Júlio de Matos Photography

by Mala Mukerjee

Contributions - Photography Criticism

A woman with a camera today, in the year 2010, is probably not an unusual sight. Not if the camera happens to be small, such as a small digital camera, an instamatic or a mobile phone cum camera. But how many of us can avoid a sense of disbelief if we are told that a woman makes a living out of photography? Our eyes and ears are not used to the unusual. Eyebrows rise naturally when we see a woman in a so called man’s job.

Suppose you are on an aeroplane and discover at take-off time that the pilot and the entire crew are women. Would your heart not miss a beat? We all know that many men drive cars badly and also that some women are excellent drivers. But if you face a situation where two taxis are awaiting you, one with a man and the other a woman on the steering wheel, which one would your instincts guide you to?

There are jobs that women cannot do as well as men can, as there are tasks that elude men. Men are born physically stronger than women. Physical strength can and does matter in many instances. But if you consider jobs in fields that are level, you will agree that women often do a better job than men. They apply themselves harder, attend to details better and are less happy to compromise on quality.

We are used to seeing women in kitchens, but don’t we always ask for a man when we want food cooked in large quantities? But you will not yet find too many instances where men are taking over traditional roles played by women. More and more women, on the other hand, are entering areas which used to be the preserve of men.

Like in any other art form, be it literature, painting, sculpture or even music, gender has very little relevance in photography. By looking at a photograph, it is impossible to tell if it is the work of a man or a woman. The camera is neutral. What matters most in photography is the eye that sees an object. But can one dismiss the gender issue so easily?

Let me share with you some of my experiences.
I started photography when I was a kid. I received nothing but encouragement from everybody. But when the time came to leave school and I wanted to opt for the Science stream, not many thought that was a good idea. An uncle of mine, and he loved me dearly, reacted in surprise, ‘Why Science? That is not the right place for a girl. Take Home Science instead. That will prepare you better for life.”

Girls at our homes are taken through cooking drills as a matter of course. But not boys. Games and athletics are for them. I was still in school when I joined the Rifle club in Kolkata. There was a lot of opposition in the family. I did not always win. My dream was to be an engineer. That I am not one still rankles.

Let me do a fast forward to the end of 1993 when I returned to Mumbai from the UK.
Customs rules in India those days permitted professional photographers on transfer of residence to import equipments free of duty up to specified values. I had studied their rules and had brought back some equipment with me. But the Customs in Mumbai had a different view. How can a woman be considered a professional photographer?

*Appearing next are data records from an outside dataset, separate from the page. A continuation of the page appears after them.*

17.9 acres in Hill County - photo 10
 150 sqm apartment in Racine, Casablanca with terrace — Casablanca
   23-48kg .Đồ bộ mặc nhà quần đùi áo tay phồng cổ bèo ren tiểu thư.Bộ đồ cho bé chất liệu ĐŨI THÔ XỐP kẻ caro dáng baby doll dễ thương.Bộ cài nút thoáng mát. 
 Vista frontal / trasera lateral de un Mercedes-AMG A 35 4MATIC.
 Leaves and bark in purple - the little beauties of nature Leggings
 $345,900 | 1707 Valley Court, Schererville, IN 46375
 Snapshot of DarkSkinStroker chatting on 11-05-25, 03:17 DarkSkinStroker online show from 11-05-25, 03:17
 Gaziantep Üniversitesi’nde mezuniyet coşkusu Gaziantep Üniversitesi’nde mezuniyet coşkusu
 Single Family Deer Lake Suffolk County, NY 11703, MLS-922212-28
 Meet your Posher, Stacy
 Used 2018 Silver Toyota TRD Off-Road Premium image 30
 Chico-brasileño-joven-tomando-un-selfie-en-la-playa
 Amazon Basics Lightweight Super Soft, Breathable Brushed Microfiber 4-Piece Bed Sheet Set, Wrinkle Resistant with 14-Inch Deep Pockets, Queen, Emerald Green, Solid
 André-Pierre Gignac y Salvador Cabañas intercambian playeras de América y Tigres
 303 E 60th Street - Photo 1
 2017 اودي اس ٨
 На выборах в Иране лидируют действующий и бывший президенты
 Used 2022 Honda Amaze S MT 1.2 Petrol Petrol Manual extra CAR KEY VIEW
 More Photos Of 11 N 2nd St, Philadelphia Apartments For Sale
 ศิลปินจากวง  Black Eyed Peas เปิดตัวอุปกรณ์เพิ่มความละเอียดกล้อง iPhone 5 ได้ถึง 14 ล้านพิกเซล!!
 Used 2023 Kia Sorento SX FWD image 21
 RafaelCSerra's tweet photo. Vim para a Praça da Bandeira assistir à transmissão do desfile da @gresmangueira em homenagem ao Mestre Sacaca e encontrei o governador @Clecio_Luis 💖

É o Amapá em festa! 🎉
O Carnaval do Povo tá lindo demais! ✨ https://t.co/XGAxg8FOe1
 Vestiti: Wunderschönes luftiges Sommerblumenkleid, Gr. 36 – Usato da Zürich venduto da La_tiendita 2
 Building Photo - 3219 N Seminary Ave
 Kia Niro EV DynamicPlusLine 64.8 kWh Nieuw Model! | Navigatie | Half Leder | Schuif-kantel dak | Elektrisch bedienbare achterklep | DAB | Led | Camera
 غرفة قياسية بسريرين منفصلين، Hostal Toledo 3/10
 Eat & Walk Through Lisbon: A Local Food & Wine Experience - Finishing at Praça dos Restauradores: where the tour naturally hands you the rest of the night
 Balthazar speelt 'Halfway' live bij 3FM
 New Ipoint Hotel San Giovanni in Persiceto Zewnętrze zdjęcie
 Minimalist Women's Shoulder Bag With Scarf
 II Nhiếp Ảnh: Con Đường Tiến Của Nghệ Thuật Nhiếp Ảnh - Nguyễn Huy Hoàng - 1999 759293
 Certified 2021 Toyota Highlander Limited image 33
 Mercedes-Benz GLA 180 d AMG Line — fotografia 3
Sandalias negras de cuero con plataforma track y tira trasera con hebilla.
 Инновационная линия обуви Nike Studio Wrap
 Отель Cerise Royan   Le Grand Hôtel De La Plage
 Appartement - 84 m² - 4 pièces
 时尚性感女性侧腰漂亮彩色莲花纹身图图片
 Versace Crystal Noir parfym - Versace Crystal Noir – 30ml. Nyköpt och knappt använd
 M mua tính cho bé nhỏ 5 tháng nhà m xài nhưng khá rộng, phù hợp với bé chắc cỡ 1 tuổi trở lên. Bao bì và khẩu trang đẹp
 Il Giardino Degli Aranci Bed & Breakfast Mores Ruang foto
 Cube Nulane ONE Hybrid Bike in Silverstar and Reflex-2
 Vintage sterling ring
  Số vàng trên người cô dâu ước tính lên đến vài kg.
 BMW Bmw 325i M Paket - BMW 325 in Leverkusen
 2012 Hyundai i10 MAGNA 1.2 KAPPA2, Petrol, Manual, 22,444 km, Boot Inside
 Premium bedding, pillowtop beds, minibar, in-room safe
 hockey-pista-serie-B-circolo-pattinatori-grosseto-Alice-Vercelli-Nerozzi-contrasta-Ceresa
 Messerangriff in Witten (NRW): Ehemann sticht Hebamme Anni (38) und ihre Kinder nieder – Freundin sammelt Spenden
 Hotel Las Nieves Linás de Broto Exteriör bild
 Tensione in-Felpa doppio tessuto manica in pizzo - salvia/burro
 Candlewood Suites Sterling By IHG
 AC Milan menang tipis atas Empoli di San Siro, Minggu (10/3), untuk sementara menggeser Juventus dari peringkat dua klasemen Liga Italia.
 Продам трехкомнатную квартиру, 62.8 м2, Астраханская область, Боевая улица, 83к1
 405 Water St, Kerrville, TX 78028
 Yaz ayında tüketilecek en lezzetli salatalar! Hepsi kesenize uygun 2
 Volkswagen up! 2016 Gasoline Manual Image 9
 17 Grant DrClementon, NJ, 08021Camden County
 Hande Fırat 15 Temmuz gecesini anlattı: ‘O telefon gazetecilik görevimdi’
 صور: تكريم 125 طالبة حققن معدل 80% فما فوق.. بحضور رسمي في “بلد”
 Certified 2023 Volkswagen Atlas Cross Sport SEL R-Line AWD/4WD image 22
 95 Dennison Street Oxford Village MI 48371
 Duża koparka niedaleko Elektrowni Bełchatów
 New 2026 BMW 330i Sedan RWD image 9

They confiscated my equipments and forced me to pay penalty for violation of rules and duty at exorbitant rates. I pleaded with them. I showed them evidence of my professional work in India. Nothing worked. Could I produce a post graduate degree in Photography ? They asked me. I did not have one. Even today, not many professional photographers I know have post graduate degree in photography.
The story ended happily for me. I won the case when I produced evidence of money I earned in the UK on professional assignments. But it took me two years of battle with Customs authorities, many days and nights of frustration and intense anxiety.

Those who are familiar with my work will know that my photograph of the last ball in the tied Cricket test match between Australia and India in Chennai in 1986 had made headlines. Noticing my camera on my shoulders, the editor of a leading newspaper group came over to meet me around lunch time. He sat next to me for a while exchanging pleasantries. The match, as we all know, took an exciting turn in the closing stages and ended in a tie. When I came home at the end of the day, I got a phone call from the editor. Did I capture the last ball? He asked. When I told him I had filmed every ball of the last over and much else, he asked me if I would mind giving him the pictures for use in his paper the next morning. I agreed.
On a visit to Chennai some years later, I heard a slightly different account of the episode doing the rounds. According to it, the editor had apparently sat next to me while the last ball was being bowled and gave me detailed directions on what to shoot and how!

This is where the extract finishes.